The untold story of Bernie Sanders, high school track star
This was only a few years after Roger Bannister became the first to beat the 4 minute Mile, and running had captured the nation's attention.
By Philip Bump, The Washington Post
Judges at the high school cross-country competition in the Bronx's Van Cortlandt Park had a problem.
Joe and Clarence Scott, the 16-year-old twin seniors from Brooklyn Automotive High School, crossed the finish line of the two-and-a-half Mile race that drizzly, cold November day in first place -- simultaneously. Holding hands. The pair were among the top runners in their age group in the city in 1958, often winning or finishing near the top of the standings in distance events.
But the Scotts' unusual finish was a violation of the rules, since it implied that they'd colluded on the ending.
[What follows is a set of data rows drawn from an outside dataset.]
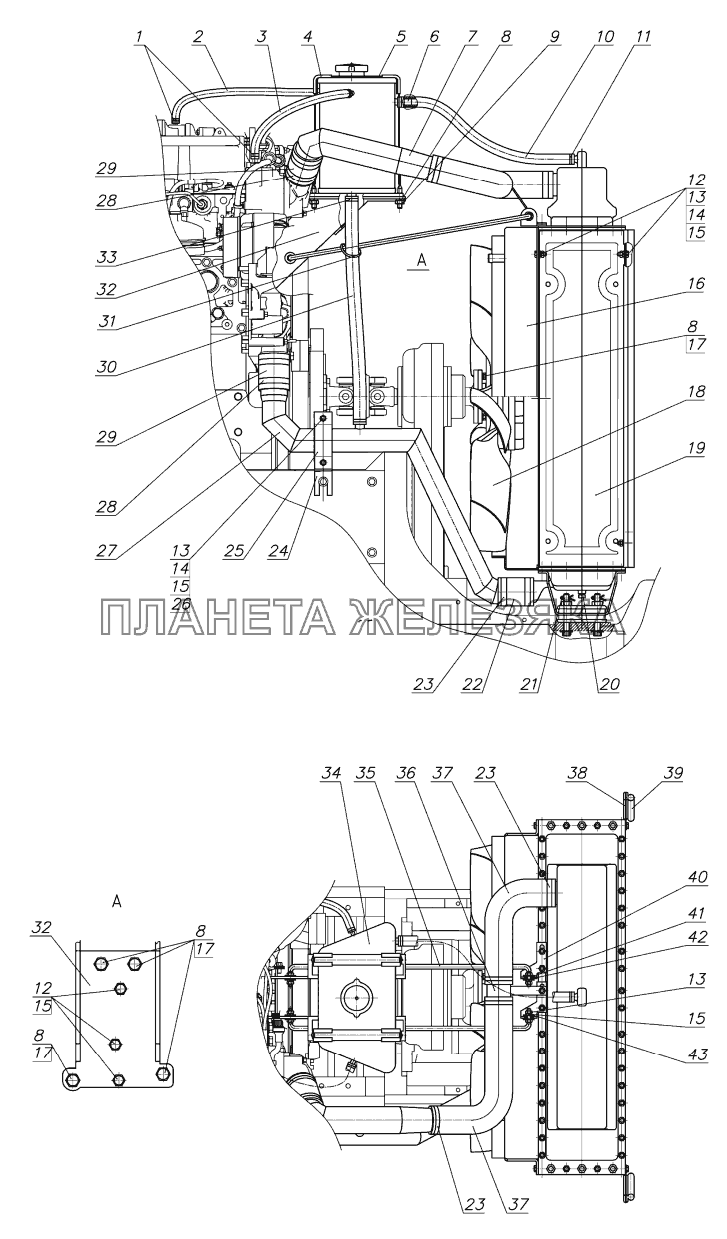 Блок охлаждения МТЗ-3522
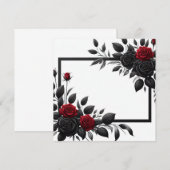Zwart & Rood Rozen Kaart (Voorkant / Achterkant)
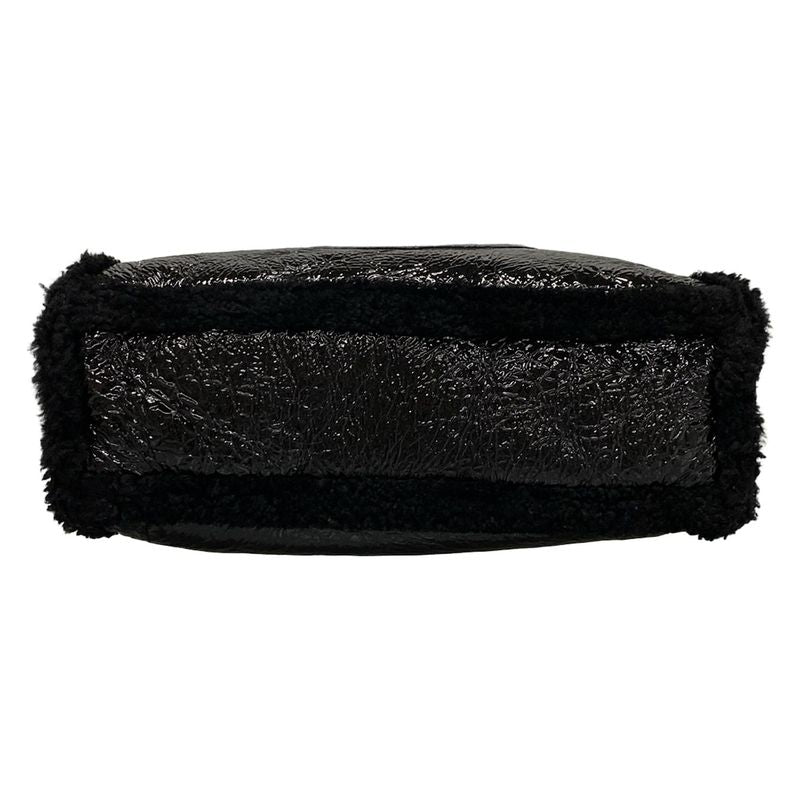 Gucci Tote Bag Soho Interlocking G 308982 Black Chain Shoulder Leather  Mouton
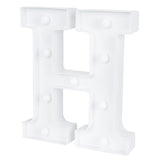 Sign, LED Marquee, 8.75 Inch, Letter H, White,1 - 1 EACH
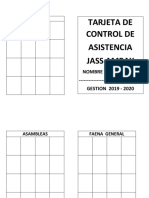 Tarjeta de Control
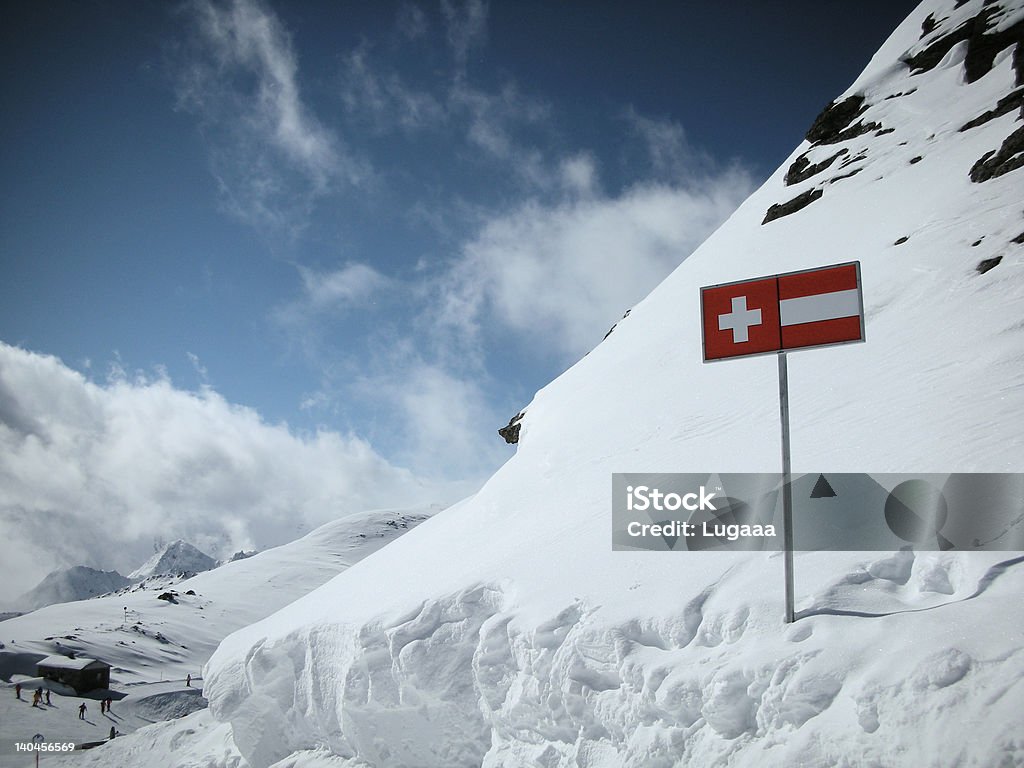 confine internazionale - Foto stock royalty-free di Svizzera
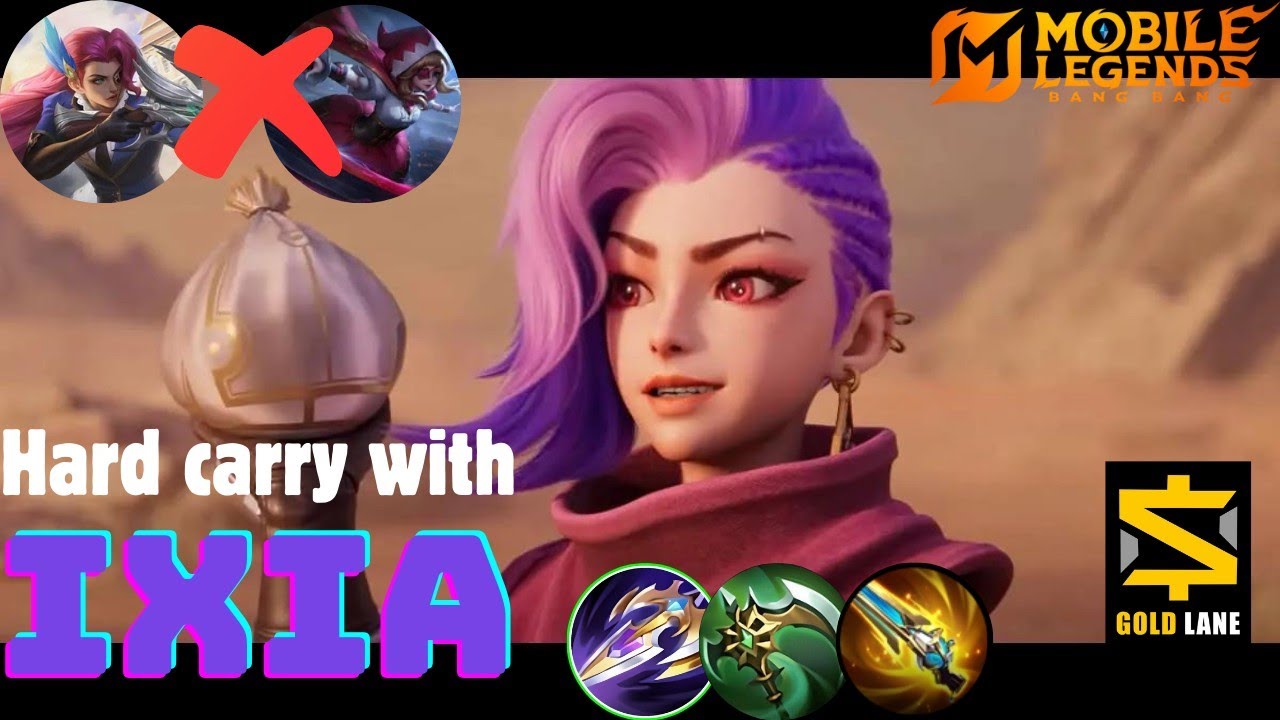 Ixia is the best Marksman for solo rank in MLBB. 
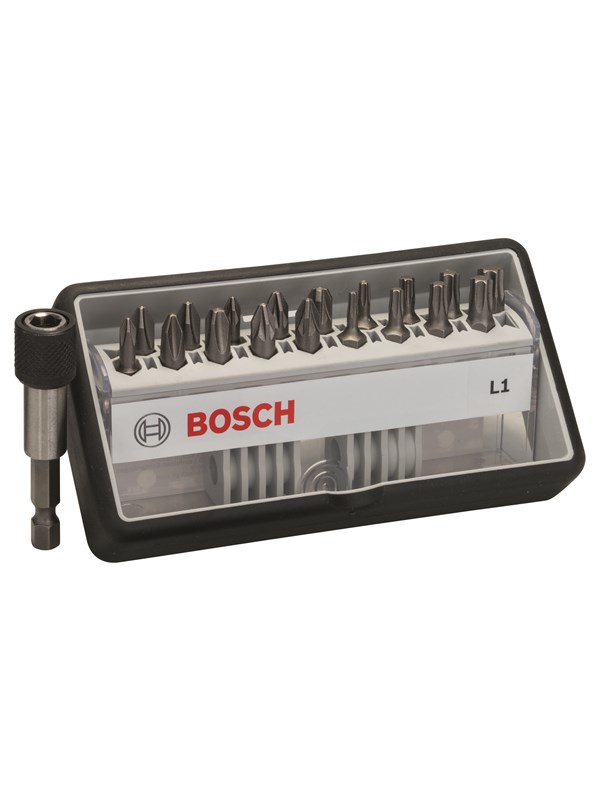 Bosch 18+1-delars Robust Line-skruvbitssats L extrahård 25 mm, 18+1-delars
Distance running, even at that level, was a big deal. This was only a few years after Roger Bannister became the first to beat the 4 minute Mile, and running had captured the nation's attention. The New York Times ran front-page articles about professional runners shaving a few seconds off one another's time. In this case, the judges -- not wanting to reject the results (the pair had won by a wide margin) -- declared Joe the winner and Clarence second, with identical times. The whole situation was interesting enough to itself warrant an item in the Times, titled, "Identical Twins Finish Together But School Judges Pick Winner."